Innenminister entsendet Spezialeinheit der Polizei

Innenminister Gérald Darmanin kritisierte im Radiosender RTL „die extreme Gewalt“ der Proteste. In Albi, Marseille, Rennes, Nantes und Paris sei schwerer Sachschaden entstanden. Der Innenminister entschied, eine Spezialeinheit der Polizei (CRS8) nach Rennes zu entsenden. In den sozialen Netzwerken machten Aufnahmen aus Dijon die Runde. Lebensgroße Puppen mit den Konterfeis von Präsident Emmanuel Macron, Premierministerin Élisabeth Borne und Arbeitsminister Olivier Dussopt wurden mit Benzin übergossen und in Brand gesetzt.

Es ist in Frankreich nicht ungewöhnlich, Verfassungsartikel 49.3 anzurufen und die Vertrauensfrage mit einem Gesetzentwurf zu verknüpfen. Hundertmal wurde seit Beginn der V. Republik mit „49.3“ das Parlament diszipliniert. Besonders häufig (28-mal) geschah das unter dem sozialistischen Premierminister Michel Rocard (1988 bis 1991), der bis heute als Reformer bewundert wird. Rocard hatte ähnlich wie Premierministerin Borne nur eine relative Mehrheit und war auf Unterstützung über das eigentliche Regierungslager hinaus angewiesen.

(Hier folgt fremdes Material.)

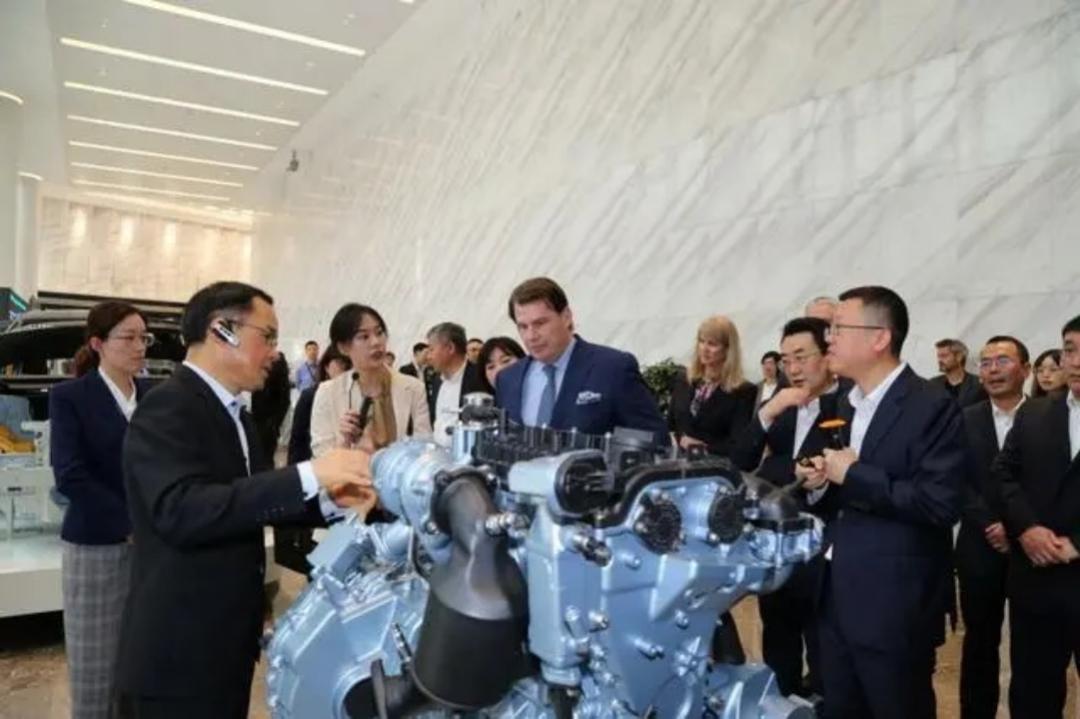 国外知名ceo扎堆来中国,为什么美国ceo在中国很受欢迎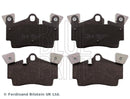 Blueprint Brake Pad Set Set - ADV184292
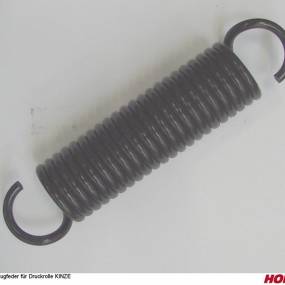 Zugfeder für Druckrolle Kinze Horsch 00401783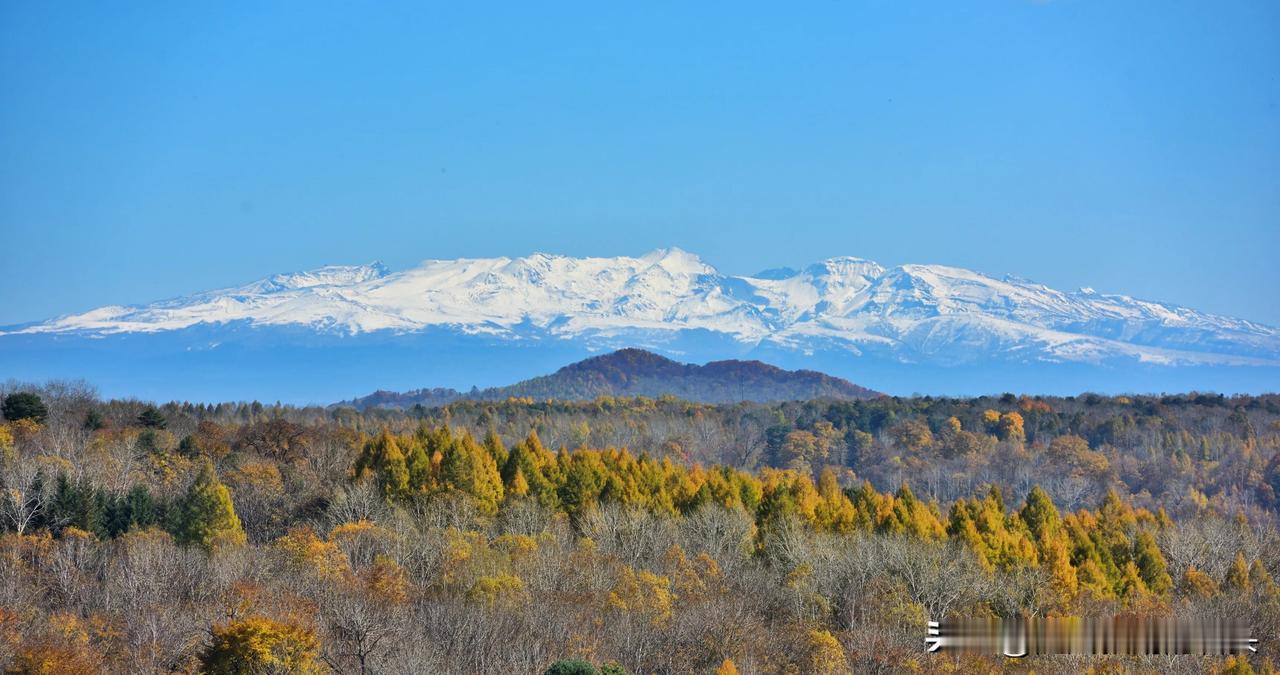 #发一张图片证明你爬过长白山#这样的长白山看过吗？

Doch anders als Rocard hat Borne den Eindruck vermittelt, dass sie ohne den Verfassungsartikel auskommen und den demonstrierenden Reformgegnern zeigen könnte, dass es im Parlament eine Mehrheit für die Anhebung des Renteneintrittsalters von 62 auf 64 Jahre bis 2030 gibt. Sie hat ein Kräftemessen Straße gegen Parlament angestrengt.